» Material provided:
----------------

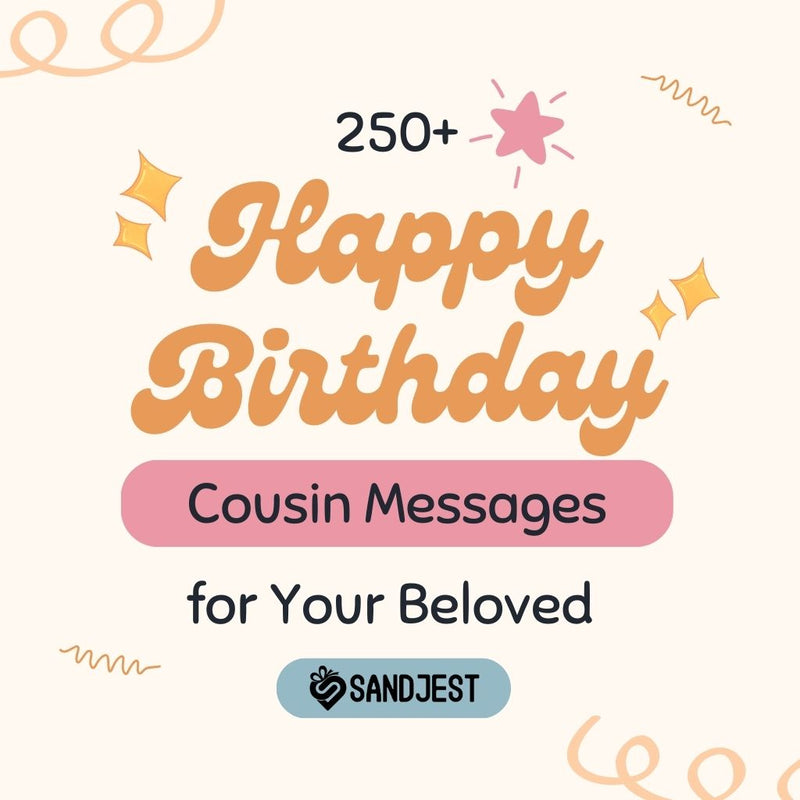 Extensive collection of over 250 happy birthday cousin messages.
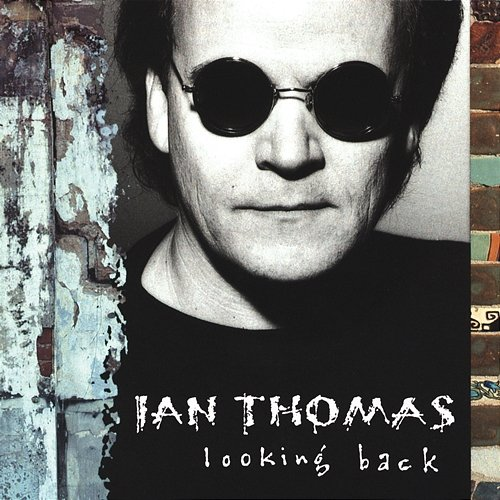 Looking Back Ian Thomas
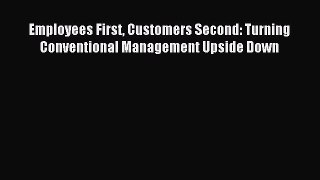 Read Employees First Customers Second: Turning Conventional Management Upside Down Ebook Free
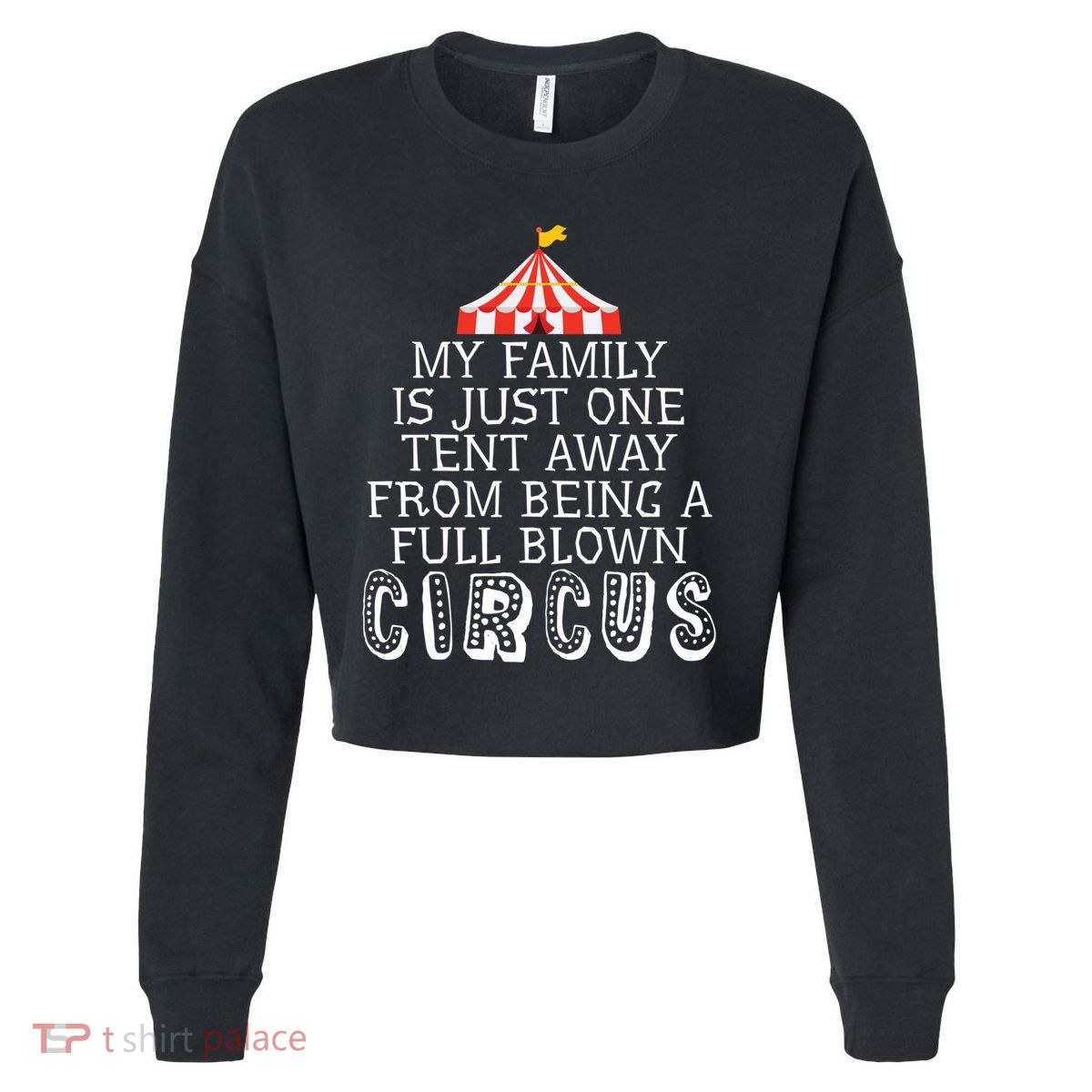 My Family Is Just One Tent Away From Circus Sarcastic Parent Cute Gift Cropped Pullover Crew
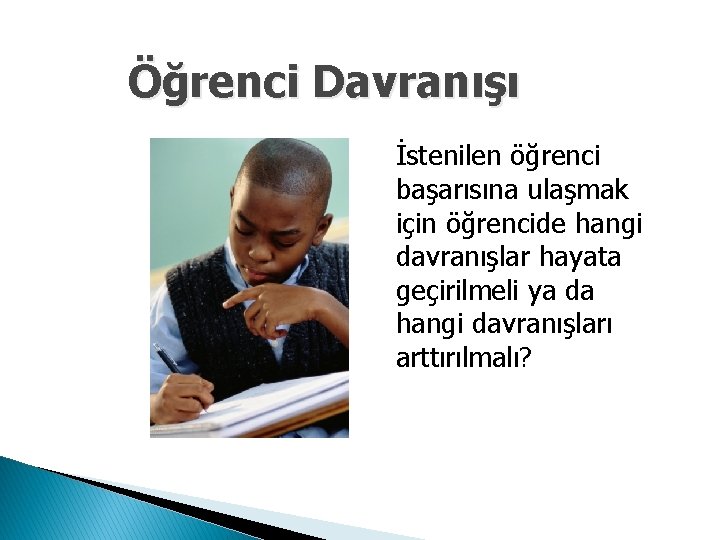 Öğrenci Davranışı İstenilen öğrenci başarısına ulaşmak için öğrencide hangi davranışlar hayata geçirilmeli ya da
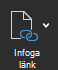 Skärmbilden visar alternativet Infoga länk.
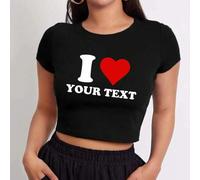Shein Camiseta corta de manga corta personalizada para mujer - Personaliza el diseño con el tema "I Love", agrega tu propio texto, elige el color y la fuent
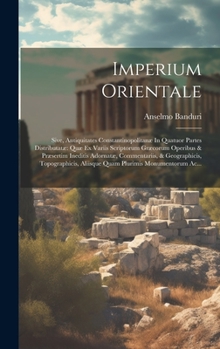 Hardcover Imperium Orientale: Sive, Antiquitates Constantinopolitanæ In Quatuor Partes Distributatæ Quæ Ex Variis Scriptorum Græcorum Operibus & Præ [Latin] Book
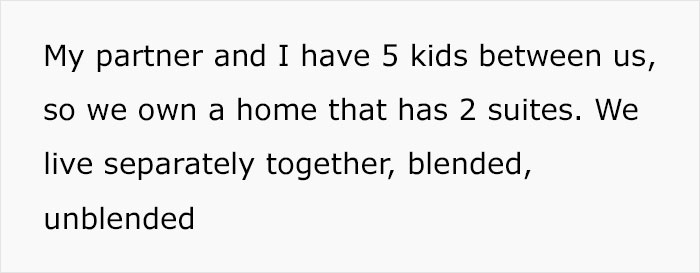 Couple And Their 5 Kids Live Their Life "Unblended" In Two Separate Suites In The Same House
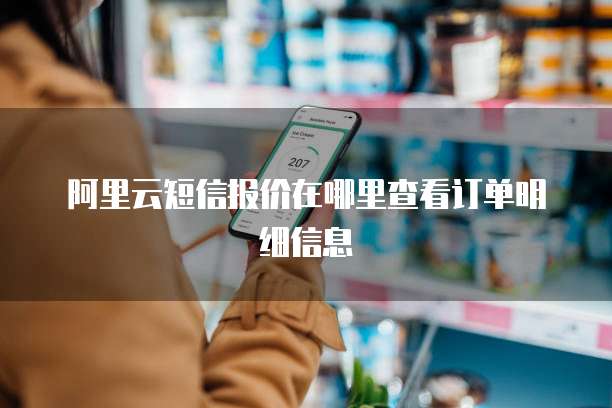 阿里云短信报价在哪里查看订单明细信息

----------------

» Task details:
Output everything in the records exactly, leaving pictures out.

» Solved exercise:
 Extensive collection of over 250 happy birthday cousin messages.
 Looking Back Ian Thomas
 Read Employees First Customers Second: Turning Conventional Management Upside Down Ebook Free
 My Family Is Just One Tent Away From Circus Sarcastic Parent Cute Gift Cropped Pullover Crew
 Öğrenci Davranışı İstenilen öğrenci başarısına ulaşmak için öğrencide hangi davranışlar hayata geçirilmeli ya da
 Skärmbilden visar alternativet Infoga länk.
Shein Camiseta corta de manga corta personalizada para mujer - Personaliza el diseño con el tema "I Love", agrega tu propio texto, elige el color y la fuent
 Hardcover Imperium Orientale: Sive, Antiquitates Constantinopolitanæ In Quatuor Partes Distributatæ Quæ Ex Variis Scriptorum Græcorum Operibus & Præ [Latin] Book
 Couple And Their 5 Kids Live Their Life "Unblended" In Two Separate Suites In The Same House
 阿里云短信报价在哪里查看订单明细信息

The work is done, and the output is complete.